Task details
Please reproduce the lines of the records below from the one holding "Alpargata Youth Navy Canvas" through the one holding "Naturale granato gemma - naturale, 18k", inclusive, skipping all pictures.

(Short web captions)
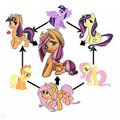 Applejack - Twilight - Fluttershy fusion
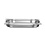 Hendi Gastronormbak RVS GN 1/2 | HENDI | Profi Line PLUS | 2L | (H)40mm | Zilver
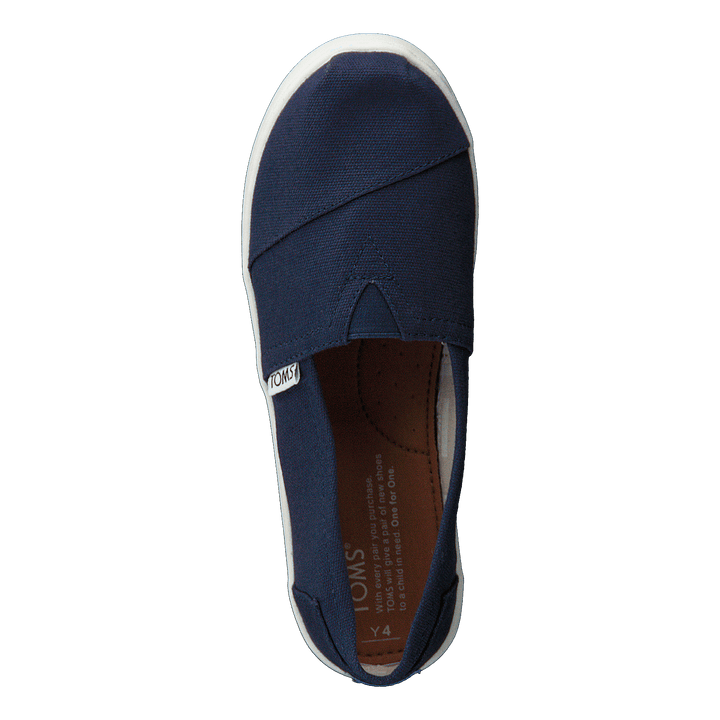 Alpargata Youth Navy Canvas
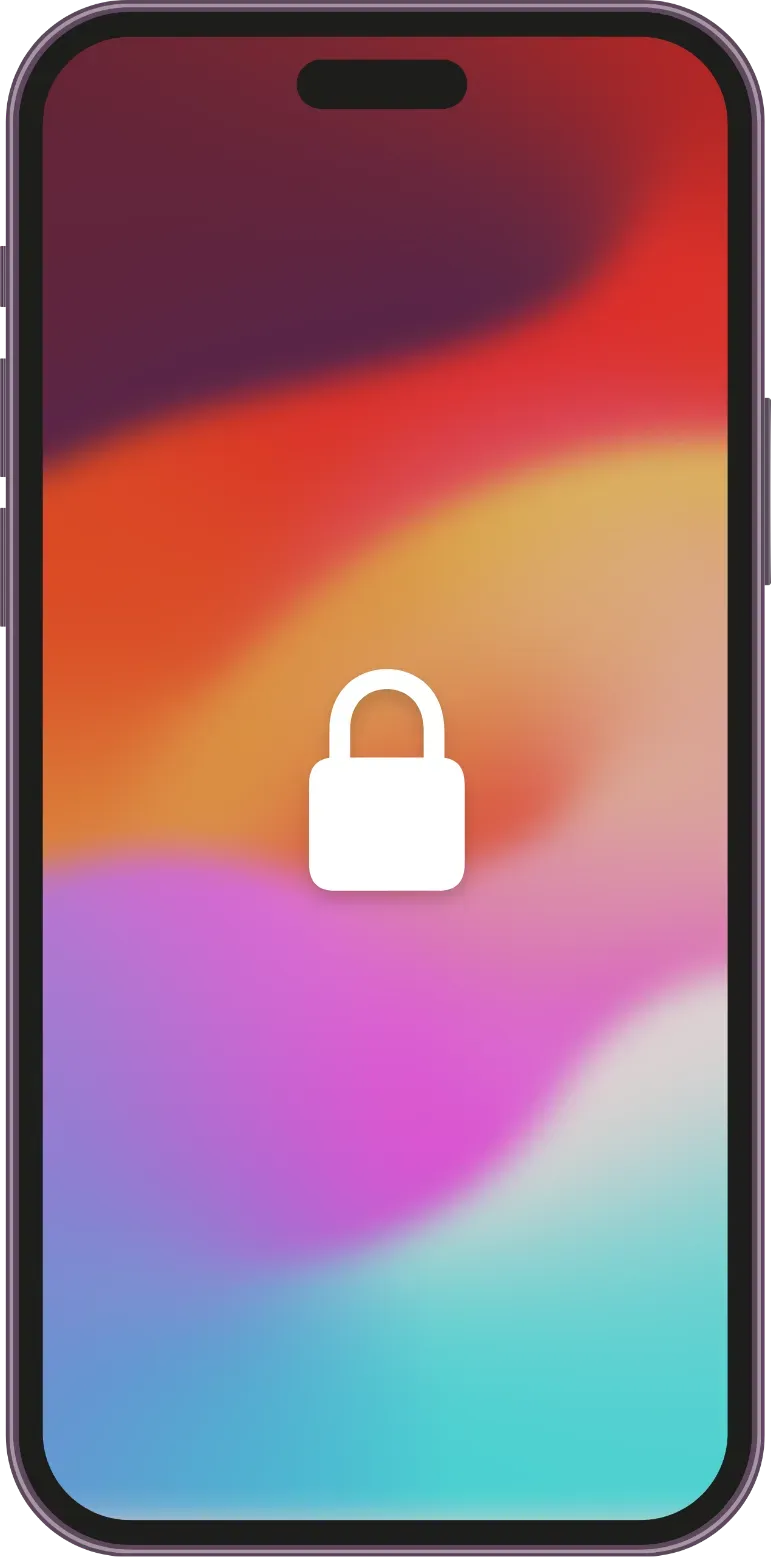 iPhone screen with lock icon representing Livecaller’s privacy focused caller ID with no data collection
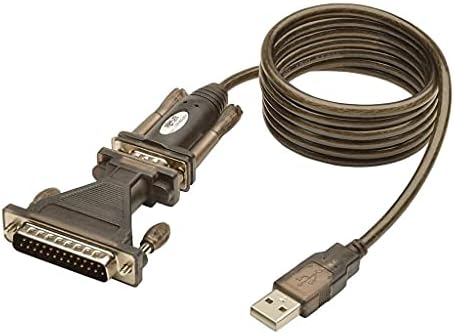 Tripp Lite USB to RS232 Serial Adapter Cable USB-A to DB25 DB9 M/M 5-Feet (U209-005-DB25)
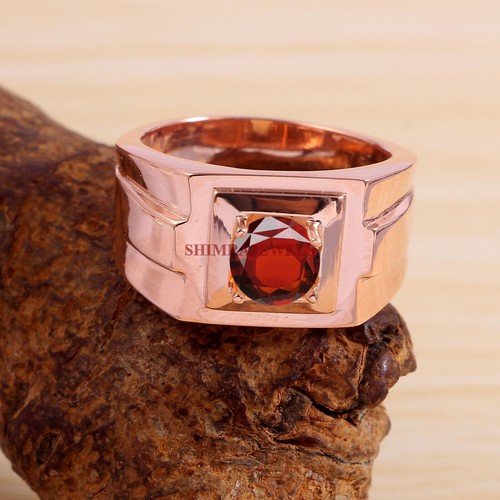 Naturale granato gemma - naturale, 18k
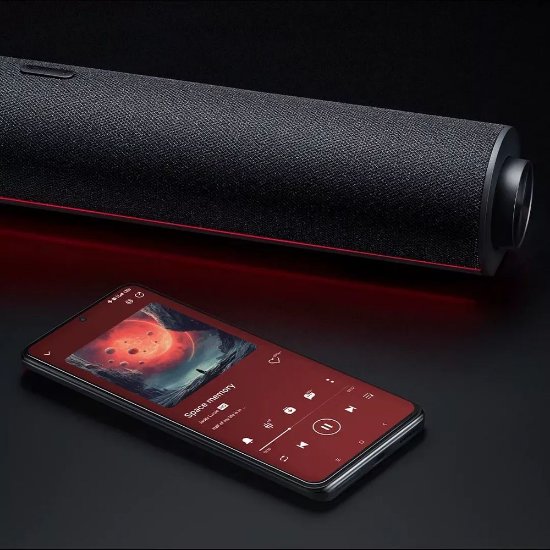 Zvočnik XIAOMI Desktop Speaker, RGB osvetlitev, USB, Bluetooth, mikrofon, črn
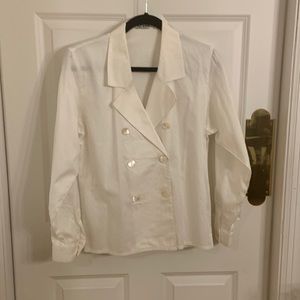 Vintage Jaeger white shirt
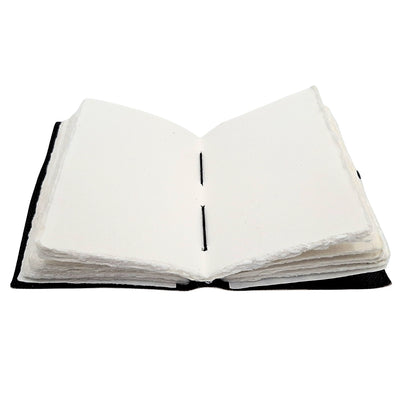 Cuaderno de cuero Sol y Luna decorativo de 200 páginas con posibilidad de personalización con grabado, azul marino, hecho de piel de cabra, ideal para regalo
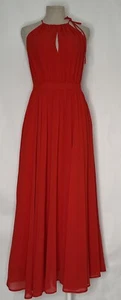 Maxi Vestido Polo Ralph Lauren Sin Mangas Halter Rojo Talla 2 - Imagen 1 de 9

Result for this task
 Alpargata Youth Navy Canvas
 iPhone screen with lock icon representing Livecaller’s privacy focused caller ID with no data collection
 Tripp Lite USB to RS232 Serial Adapter Cable USB-A to DB25 DB9 M/M 5-Feet (U209-005-DB25)
 Naturale granato gemma - naturale, 18k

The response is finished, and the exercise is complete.